* YOUR OBJECTIVE:
Note each line in the data below that holds "City", and copy it.

* INPUT:
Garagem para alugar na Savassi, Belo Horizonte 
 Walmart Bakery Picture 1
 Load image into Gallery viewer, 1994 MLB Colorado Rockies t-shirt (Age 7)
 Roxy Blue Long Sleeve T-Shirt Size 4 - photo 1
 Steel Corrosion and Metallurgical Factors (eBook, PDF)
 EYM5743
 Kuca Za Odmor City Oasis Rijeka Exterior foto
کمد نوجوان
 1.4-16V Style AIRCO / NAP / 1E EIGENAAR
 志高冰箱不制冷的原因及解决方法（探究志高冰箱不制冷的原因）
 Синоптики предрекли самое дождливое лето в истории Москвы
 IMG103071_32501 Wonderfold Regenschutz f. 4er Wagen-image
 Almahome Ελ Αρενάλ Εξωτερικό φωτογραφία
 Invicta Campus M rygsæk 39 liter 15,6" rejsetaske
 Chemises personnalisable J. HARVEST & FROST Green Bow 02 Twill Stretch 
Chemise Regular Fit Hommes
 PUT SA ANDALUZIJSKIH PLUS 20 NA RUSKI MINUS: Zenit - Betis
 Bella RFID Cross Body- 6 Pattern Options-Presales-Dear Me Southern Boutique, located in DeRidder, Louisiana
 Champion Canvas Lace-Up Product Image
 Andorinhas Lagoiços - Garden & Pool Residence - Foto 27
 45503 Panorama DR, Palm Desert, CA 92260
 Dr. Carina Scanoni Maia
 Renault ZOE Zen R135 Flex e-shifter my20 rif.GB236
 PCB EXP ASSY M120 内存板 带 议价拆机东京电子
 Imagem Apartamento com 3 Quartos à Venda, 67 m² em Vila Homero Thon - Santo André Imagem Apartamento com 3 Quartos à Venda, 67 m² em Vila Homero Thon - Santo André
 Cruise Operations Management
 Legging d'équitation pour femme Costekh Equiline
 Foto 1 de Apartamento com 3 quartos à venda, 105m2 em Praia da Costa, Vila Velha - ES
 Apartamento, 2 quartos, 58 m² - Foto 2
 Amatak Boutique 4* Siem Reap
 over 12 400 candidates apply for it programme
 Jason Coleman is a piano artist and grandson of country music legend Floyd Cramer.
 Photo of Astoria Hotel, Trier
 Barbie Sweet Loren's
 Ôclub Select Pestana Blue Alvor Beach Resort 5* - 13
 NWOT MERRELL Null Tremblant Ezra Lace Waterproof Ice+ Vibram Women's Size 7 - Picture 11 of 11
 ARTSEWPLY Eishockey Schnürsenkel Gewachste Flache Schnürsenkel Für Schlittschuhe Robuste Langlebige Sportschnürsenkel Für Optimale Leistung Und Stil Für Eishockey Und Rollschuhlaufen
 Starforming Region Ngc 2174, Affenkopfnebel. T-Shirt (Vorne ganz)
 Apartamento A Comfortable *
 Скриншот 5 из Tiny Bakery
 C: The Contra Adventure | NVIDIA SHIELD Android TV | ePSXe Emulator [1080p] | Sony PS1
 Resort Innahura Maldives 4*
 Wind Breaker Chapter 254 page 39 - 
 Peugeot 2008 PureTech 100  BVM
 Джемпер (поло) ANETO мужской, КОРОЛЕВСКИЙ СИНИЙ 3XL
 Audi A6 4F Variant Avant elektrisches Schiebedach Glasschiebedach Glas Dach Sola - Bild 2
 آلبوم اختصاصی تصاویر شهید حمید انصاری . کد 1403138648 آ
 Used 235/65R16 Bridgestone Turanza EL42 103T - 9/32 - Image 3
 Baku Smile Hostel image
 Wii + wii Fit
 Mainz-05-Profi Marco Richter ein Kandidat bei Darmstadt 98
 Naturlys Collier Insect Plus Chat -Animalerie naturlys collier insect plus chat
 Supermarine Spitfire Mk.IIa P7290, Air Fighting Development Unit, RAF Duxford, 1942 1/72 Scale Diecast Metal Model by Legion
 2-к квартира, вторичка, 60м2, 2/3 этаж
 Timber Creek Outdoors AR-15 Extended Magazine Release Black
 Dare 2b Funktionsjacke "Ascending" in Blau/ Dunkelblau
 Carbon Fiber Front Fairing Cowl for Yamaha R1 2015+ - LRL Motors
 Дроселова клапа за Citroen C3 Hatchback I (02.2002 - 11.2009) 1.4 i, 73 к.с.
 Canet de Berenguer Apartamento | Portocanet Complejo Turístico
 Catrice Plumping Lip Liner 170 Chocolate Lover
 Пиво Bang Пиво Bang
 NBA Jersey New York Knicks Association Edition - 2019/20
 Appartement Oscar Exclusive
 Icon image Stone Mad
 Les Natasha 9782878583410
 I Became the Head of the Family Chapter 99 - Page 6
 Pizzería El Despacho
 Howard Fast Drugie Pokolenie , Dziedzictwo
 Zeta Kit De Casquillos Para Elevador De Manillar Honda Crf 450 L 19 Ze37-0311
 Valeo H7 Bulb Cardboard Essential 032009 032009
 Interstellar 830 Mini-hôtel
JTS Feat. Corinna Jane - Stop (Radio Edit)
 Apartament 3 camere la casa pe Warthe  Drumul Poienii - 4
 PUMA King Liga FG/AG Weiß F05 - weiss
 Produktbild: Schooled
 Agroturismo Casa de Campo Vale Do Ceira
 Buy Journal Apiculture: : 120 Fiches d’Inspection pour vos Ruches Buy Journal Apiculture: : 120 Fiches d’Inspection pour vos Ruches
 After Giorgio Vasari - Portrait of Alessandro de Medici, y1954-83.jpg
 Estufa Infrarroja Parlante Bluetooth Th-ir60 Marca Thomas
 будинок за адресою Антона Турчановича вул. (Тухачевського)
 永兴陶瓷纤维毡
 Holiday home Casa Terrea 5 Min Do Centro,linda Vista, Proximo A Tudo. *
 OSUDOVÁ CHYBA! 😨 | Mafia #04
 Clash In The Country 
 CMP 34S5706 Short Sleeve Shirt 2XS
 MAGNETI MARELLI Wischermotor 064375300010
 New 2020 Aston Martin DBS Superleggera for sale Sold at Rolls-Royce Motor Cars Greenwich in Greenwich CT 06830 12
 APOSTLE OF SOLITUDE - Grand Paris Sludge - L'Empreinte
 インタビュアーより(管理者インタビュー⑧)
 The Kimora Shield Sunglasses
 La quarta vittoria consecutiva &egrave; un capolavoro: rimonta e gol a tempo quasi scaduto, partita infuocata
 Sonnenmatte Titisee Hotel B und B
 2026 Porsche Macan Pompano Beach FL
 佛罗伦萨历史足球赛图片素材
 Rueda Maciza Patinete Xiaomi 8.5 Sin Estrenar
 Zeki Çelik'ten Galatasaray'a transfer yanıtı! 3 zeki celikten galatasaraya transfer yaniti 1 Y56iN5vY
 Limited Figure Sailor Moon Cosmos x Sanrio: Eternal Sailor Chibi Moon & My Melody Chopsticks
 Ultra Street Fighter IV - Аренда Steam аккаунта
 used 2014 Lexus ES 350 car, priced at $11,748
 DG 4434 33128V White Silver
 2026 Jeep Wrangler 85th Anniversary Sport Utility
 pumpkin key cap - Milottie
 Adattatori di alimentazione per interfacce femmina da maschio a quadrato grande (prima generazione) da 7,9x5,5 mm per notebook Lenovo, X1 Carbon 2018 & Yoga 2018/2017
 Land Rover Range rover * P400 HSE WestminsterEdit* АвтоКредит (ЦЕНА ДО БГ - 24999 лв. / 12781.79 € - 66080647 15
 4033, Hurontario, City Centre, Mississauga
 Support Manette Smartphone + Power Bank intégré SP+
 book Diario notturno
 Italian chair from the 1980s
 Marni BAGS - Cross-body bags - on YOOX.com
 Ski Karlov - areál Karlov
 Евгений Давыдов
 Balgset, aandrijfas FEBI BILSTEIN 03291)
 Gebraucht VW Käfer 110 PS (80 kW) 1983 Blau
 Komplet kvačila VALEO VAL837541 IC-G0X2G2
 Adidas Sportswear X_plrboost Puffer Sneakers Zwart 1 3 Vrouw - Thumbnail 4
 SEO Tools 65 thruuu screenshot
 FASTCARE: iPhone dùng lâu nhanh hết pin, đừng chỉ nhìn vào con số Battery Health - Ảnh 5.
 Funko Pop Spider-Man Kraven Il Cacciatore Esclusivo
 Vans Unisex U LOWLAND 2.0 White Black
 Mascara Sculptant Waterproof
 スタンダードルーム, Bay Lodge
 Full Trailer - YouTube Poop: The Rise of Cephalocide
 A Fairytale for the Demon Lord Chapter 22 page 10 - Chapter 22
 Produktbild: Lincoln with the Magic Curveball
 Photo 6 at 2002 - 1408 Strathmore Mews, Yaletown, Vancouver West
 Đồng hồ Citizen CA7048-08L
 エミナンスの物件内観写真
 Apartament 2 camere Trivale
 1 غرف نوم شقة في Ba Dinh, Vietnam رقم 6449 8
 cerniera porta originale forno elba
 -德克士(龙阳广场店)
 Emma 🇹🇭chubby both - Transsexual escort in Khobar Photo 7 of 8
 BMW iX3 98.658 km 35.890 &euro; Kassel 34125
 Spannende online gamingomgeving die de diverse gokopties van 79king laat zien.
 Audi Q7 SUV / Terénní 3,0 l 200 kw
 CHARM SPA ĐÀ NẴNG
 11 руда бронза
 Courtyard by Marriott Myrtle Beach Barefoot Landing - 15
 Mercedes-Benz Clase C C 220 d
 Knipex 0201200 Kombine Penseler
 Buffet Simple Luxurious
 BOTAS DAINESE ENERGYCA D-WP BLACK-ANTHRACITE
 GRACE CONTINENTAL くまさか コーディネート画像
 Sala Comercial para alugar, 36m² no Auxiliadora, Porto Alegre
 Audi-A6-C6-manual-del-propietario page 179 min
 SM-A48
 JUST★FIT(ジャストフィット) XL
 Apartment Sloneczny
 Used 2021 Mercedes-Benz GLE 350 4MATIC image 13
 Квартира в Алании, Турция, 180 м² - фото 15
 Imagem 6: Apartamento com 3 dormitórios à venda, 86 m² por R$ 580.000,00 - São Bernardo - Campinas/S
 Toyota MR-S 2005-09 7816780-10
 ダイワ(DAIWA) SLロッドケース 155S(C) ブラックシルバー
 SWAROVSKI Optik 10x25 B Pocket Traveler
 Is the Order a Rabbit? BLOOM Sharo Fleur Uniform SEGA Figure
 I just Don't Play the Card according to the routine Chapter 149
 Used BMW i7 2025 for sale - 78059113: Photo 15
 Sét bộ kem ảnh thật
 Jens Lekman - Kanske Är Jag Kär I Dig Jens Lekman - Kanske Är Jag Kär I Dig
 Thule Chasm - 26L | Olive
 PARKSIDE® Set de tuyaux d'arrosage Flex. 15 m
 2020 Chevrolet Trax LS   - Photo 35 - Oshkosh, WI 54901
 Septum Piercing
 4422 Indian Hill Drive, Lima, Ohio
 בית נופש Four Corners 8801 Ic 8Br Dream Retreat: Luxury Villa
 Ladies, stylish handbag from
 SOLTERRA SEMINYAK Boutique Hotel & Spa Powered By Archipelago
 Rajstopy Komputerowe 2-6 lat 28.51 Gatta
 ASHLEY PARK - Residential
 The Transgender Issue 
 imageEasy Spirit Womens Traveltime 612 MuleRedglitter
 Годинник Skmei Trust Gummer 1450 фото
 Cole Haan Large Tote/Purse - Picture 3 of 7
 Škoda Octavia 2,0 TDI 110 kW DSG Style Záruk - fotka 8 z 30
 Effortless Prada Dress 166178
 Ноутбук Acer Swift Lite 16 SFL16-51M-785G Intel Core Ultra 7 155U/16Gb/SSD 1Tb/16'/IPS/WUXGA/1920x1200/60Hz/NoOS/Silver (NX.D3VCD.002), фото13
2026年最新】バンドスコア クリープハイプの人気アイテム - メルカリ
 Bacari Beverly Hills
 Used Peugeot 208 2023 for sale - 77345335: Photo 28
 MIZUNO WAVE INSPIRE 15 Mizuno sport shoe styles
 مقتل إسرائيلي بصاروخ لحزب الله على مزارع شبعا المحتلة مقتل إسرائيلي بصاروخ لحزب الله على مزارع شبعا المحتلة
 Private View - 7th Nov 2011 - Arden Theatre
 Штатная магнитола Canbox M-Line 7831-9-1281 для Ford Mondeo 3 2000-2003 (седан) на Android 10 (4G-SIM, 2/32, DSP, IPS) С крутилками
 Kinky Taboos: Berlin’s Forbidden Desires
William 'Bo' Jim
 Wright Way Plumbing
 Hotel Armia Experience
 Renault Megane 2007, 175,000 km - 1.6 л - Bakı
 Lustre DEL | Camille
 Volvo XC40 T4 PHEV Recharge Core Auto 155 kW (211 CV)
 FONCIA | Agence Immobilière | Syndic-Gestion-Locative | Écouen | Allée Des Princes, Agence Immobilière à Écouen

* SOLUTION:
 Kuca Za Odmor City Oasis Rijeka Exterior foto
 4033, Hurontario, City Centre, Mississauga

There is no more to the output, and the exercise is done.